* [Exercise objective]:
When you find the line with "Raquel Welch Wigs - Crushing on Casual" among the records below, reproduce it and each line after it exactly, ending with the line with "-二分八云雁阁(长治路店)".

* [Short descriptive text snippets]:
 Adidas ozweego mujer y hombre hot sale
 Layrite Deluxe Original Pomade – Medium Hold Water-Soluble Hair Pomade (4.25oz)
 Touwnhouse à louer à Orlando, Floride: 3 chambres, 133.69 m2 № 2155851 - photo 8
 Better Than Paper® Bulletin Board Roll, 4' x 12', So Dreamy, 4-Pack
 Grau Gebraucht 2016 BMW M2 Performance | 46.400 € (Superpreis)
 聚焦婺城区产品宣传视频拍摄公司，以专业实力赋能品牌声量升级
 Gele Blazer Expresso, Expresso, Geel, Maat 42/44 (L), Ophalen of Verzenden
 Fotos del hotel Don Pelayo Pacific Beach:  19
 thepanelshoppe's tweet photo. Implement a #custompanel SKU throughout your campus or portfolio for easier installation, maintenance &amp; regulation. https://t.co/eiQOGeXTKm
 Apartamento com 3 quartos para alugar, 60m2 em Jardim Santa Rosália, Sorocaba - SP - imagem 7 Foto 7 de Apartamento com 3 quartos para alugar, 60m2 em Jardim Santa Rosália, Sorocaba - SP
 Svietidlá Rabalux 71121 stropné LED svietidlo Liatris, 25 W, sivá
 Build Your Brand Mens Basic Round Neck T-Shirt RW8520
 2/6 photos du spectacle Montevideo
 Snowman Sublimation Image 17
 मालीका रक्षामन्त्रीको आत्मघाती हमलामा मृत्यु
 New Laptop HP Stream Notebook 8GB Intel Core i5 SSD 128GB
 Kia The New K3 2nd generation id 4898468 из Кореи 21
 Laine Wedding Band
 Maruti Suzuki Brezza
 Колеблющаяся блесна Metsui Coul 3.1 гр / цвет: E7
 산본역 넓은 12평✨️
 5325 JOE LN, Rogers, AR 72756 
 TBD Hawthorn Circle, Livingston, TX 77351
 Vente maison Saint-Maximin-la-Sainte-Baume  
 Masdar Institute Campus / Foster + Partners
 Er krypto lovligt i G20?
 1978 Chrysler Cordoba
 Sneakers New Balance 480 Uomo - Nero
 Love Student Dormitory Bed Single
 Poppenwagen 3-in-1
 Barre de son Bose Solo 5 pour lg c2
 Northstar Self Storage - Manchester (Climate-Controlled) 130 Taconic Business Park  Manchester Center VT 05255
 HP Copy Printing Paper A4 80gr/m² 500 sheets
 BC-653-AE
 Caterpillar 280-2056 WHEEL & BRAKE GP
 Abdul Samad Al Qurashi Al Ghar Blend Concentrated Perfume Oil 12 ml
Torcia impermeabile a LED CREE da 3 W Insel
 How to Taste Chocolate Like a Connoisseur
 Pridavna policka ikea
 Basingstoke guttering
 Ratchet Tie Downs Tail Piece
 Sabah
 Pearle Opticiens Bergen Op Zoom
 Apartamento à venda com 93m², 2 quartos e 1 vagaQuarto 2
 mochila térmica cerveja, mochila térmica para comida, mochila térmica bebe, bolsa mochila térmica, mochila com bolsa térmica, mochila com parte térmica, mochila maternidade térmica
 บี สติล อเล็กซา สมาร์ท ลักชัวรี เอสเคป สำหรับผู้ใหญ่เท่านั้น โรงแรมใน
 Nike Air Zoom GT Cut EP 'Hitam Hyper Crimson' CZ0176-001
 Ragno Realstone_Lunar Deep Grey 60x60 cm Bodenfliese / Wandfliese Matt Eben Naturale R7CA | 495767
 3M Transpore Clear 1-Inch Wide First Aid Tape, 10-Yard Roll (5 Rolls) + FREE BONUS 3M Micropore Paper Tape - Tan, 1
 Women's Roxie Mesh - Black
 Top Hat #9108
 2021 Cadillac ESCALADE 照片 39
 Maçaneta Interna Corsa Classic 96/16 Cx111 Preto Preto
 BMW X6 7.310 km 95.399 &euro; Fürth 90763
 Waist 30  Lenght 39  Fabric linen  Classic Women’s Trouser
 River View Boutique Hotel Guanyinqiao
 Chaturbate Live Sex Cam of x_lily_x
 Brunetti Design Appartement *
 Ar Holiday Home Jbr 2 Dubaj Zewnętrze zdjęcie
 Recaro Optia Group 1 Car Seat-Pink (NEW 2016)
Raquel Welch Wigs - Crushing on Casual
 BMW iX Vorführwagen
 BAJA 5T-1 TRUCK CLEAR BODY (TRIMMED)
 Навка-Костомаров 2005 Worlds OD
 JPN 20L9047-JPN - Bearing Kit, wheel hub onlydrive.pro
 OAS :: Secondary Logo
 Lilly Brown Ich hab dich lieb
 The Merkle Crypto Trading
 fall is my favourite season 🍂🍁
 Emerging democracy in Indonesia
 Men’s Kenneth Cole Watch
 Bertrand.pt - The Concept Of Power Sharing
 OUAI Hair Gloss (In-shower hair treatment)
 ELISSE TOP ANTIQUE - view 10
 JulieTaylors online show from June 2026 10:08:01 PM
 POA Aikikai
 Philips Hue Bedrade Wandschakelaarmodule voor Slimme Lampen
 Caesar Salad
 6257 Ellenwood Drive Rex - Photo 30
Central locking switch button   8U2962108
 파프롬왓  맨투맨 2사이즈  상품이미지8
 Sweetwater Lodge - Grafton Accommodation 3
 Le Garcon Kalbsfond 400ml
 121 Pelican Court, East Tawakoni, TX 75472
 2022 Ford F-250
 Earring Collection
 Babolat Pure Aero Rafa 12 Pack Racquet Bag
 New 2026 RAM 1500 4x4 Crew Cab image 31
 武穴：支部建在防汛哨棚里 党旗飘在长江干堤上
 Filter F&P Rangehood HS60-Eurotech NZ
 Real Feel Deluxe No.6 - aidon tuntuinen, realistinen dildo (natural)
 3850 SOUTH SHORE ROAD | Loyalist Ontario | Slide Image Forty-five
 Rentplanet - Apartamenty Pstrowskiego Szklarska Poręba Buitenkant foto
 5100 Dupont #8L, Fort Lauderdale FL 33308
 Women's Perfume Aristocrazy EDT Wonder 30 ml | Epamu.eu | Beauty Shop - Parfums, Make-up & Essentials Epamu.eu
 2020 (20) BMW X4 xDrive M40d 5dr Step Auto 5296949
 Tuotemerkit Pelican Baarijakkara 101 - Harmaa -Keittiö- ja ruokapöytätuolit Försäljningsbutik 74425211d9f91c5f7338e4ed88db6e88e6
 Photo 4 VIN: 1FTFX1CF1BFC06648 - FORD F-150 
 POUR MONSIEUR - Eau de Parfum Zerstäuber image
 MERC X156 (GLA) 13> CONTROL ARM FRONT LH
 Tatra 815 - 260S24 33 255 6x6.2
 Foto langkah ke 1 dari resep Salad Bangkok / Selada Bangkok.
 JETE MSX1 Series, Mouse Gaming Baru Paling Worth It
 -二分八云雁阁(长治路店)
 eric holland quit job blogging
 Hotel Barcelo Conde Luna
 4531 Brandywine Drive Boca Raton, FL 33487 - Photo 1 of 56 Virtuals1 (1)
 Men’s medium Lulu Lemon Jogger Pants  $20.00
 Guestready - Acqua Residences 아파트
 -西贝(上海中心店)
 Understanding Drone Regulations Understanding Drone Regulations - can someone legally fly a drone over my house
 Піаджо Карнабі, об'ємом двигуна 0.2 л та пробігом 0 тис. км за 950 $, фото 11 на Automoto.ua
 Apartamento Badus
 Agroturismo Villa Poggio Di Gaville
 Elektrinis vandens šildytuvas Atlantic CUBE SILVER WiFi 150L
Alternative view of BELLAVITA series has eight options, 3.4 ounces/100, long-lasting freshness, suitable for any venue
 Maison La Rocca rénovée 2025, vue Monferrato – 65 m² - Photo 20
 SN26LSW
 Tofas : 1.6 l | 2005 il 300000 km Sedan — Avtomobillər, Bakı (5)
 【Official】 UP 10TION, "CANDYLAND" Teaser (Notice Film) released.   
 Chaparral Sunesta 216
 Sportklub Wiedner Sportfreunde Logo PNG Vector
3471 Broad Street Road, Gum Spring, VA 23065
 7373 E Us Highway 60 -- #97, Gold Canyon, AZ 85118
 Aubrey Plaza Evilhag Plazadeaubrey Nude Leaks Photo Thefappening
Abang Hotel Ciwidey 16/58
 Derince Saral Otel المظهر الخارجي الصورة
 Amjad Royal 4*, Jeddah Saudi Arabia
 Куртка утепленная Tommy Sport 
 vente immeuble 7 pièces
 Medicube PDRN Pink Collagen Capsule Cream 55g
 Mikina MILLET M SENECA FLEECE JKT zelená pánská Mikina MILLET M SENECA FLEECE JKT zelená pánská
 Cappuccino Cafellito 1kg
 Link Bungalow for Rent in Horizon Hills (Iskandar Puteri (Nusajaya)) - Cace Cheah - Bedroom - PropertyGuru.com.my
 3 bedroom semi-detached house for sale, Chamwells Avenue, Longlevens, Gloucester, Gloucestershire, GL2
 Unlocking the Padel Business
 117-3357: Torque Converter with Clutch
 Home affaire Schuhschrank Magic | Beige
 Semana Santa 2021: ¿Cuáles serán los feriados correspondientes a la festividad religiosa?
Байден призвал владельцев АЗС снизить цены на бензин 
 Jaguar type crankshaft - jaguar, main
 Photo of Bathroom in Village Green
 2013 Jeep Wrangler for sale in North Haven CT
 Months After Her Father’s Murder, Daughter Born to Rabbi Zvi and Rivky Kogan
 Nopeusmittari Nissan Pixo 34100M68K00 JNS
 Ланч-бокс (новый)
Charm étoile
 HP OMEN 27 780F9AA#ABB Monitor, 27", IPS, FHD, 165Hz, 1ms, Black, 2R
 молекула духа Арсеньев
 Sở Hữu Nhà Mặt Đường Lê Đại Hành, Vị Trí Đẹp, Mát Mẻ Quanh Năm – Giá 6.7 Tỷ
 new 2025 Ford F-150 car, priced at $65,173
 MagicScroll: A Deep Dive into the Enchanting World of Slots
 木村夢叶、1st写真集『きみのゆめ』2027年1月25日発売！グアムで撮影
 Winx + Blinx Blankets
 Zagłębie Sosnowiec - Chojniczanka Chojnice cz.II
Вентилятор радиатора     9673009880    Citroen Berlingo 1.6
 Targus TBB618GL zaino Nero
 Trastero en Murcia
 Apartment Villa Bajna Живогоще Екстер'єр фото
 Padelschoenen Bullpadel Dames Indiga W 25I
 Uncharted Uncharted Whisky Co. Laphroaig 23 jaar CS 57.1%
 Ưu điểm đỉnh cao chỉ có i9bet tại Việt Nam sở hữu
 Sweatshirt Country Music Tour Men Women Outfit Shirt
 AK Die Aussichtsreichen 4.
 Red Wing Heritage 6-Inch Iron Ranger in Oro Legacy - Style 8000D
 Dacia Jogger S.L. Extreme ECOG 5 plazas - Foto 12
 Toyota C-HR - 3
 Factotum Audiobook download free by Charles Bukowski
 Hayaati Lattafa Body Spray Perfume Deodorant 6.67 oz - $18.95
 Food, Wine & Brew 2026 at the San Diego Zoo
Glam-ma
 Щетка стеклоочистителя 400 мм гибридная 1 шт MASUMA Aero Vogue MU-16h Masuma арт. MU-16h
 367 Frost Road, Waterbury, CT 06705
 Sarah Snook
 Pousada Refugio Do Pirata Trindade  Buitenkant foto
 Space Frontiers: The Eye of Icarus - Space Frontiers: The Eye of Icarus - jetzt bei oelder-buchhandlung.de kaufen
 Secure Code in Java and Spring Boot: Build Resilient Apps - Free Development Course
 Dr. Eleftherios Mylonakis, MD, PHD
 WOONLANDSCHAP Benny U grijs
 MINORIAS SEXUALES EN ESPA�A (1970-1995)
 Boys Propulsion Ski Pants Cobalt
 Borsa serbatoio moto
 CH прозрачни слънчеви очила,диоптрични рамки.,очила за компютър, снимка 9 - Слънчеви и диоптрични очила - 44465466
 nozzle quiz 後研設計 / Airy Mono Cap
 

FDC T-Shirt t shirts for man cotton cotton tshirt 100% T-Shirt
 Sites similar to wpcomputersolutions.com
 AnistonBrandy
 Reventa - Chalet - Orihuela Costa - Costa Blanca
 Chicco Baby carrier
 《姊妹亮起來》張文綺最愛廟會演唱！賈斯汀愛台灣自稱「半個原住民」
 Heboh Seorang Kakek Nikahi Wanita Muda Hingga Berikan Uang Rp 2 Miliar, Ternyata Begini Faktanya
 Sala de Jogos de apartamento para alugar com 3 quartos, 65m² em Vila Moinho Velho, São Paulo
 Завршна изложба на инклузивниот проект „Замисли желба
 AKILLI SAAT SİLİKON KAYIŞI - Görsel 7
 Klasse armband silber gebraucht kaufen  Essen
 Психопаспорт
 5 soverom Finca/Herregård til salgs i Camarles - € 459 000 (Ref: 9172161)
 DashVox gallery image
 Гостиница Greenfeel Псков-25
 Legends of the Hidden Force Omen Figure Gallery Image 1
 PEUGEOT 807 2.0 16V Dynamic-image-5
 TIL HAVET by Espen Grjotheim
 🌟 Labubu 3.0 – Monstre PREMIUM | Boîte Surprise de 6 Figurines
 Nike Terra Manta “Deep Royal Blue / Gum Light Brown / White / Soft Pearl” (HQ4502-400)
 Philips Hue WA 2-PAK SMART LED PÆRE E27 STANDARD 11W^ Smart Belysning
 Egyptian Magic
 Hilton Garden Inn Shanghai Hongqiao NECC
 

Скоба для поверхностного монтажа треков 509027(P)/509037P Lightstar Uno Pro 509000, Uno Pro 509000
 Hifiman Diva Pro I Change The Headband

* [Task response]:
Raquel Welch Wigs - Crushing on Casual
 BMW iX Vorführwagen
 BAJA 5T-1 TRUCK CLEAR BODY (TRIMMED)
 Навка-Костомаров 2005 Worlds OD
 JPN 20L9047-JPN - Bearing Kit, wheel hub onlydrive.pro
 OAS :: Secondary Logo
 Lilly Brown Ich hab dich lieb
 The Merkle Crypto Trading
 fall is my favourite season 🍂🍁
 Emerging democracy in Indonesia
 Men’s Kenneth Cole Watch
 Bertrand.pt - The Concept Of Power Sharing
 OUAI Hair Gloss (In-shower hair treatment)
 ELISSE TOP ANTIQUE - view 10
 JulieTaylors online show from June 2026 10:08:01 PM
 POA Aikikai
 Philips Hue Bedrade Wandschakelaarmodule voor Slimme Lampen
 Caesar Salad
 6257 Ellenwood Drive Rex - Photo 30
Central locking switch button   8U2962108
 파프롬왓  맨투맨 2사이즈  상품이미지8
 Sweetwater Lodge - Grafton Accommodation 3
 Le Garcon Kalbsfond 400ml
 121 Pelican Court, East Tawakoni, TX 75472
 2022 Ford F-250
 Earring Collection
 Babolat Pure Aero Rafa 12 Pack Racquet Bag
 New 2026 RAM 1500 4x4 Crew Cab image 31
 武穴：支部建在防汛哨棚里 党旗飘在长江干堤上
 Filter F&P Rangehood HS60-Eurotech NZ
 Real Feel Deluxe No.6 - aidon tuntuinen, realistinen dildo (natural)
 3850 SOUTH SHORE ROAD | Loyalist Ontario | Slide Image Forty-five
 Rentplanet - Apartamenty Pstrowskiego Szklarska Poręba Buitenkant foto
 5100 Dupont #8L, Fort Lauderdale FL 33308
 Women's Perfume Aristocrazy EDT Wonder 30 ml | Epamu.eu | Beauty Shop - Parfums, Make-up & Essentials Epamu.eu
 2020 (20) BMW X4 xDrive M40d 5dr Step Auto 5296949
 Tuotemerkit Pelican Baarijakkara 101 - Harmaa -Keittiö- ja ruokapöytätuolit Försäljningsbutik 74425211d9f91c5f7338e4ed88db6e88e6
 Photo 4 VIN: 1FTFX1CF1BFC06648 - FORD F-150 
 POUR MONSIEUR - Eau de Parfum Zerstäuber image
 MERC X156 (GLA) 13> CONTROL ARM FRONT LH
 Tatra 815 - 260S24 33 255 6x6.2
 Foto langkah ke 1 dari resep Salad Bangkok / Selada Bangkok.
 JETE MSX1 Series, Mouse Gaming Baru Paling Worth It
 -二分八云雁阁(长治路店)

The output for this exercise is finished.